La pyramide des âges dit bien les choses, qu’au début la pente est raide, que la vue sur le derrière des premiers est affligeante et décourage, qu’à peine le sommet atteint, il faut redescendre sans avoir eu le temps de profiter de la position, que sur la fin il n’y a plus aucune vue sur rien, que ça glisse et en plus que ça pousse derrière.
Il arrive, comme dans un jeu télévisé, que certains retombent au départ avant d’avoir atteint le sommet, c’est drôle ! Il arrive aussi que certains essaient éperdument de remonter la pente juste avant la sortie, là, c’est pathétique – d’ailleurs personne n’a encore réussi.
Le plus étonnant (ou le plus affligeant, faudrait-il dire) quand on vieillit, alors que l’on change assez peu soi-même, c’est de constater les ravages du temps chez nos amis qui vieillissent tous tellement plus vite.

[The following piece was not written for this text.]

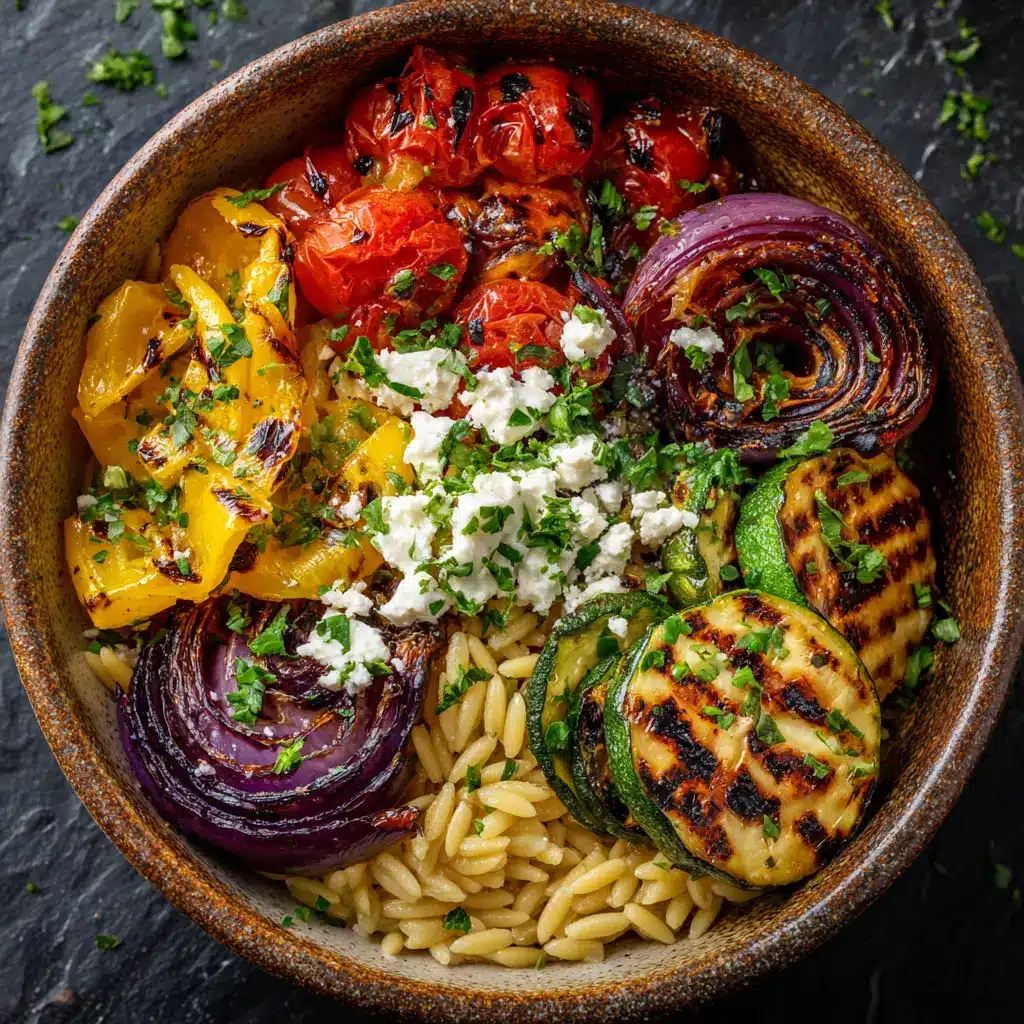 A close-up of the lemon-herb vinaigrette being poured over the Mediterranean orzo salad, highlighting the fresh dressing.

Serait-il possible que chacun pense la même chose ?
D’abord, d’abord, on se souvient, ensuite, on fait un nœud à son mouchoir, on griffonne un horaire ou une adresse, puis vient un jour où l’on note sur son agenda : « penser à regarder le post-it sur le réfrigérateur ». Plus tard encore – mais il est bien tard alors – on balise sa maison pour retrouver la cuisine.
D’abord, c’est le monde que l’on rêve de maîtriser, puis on se résout à ne régner que sur les plus faibles, ensuite on se contente de se dominer un peu soi-même, finalement, on se concentre sur
un ultime combat, se faire obéir par son sphincter.
L’âge est une belle école du pragmatisme et de la modestie ; il enseigne aussi l’anatomie.
C’est bien regrettable que l’on ne soit pas d’abord des vieux puis ensuite seulement des jeunes.
Ceux-là, pressés de manger autre chose que de la soupe, ne s’incrusteraient pas, fidèlement vissés à l’habitude des jours inertes ; ceux-ci, goûtant les nuances délicates de la lente
évanescence des choses, pousseraient moins dans les rangs.
Les premiers partiraient plus vite, les seconds rouleraient moins vite.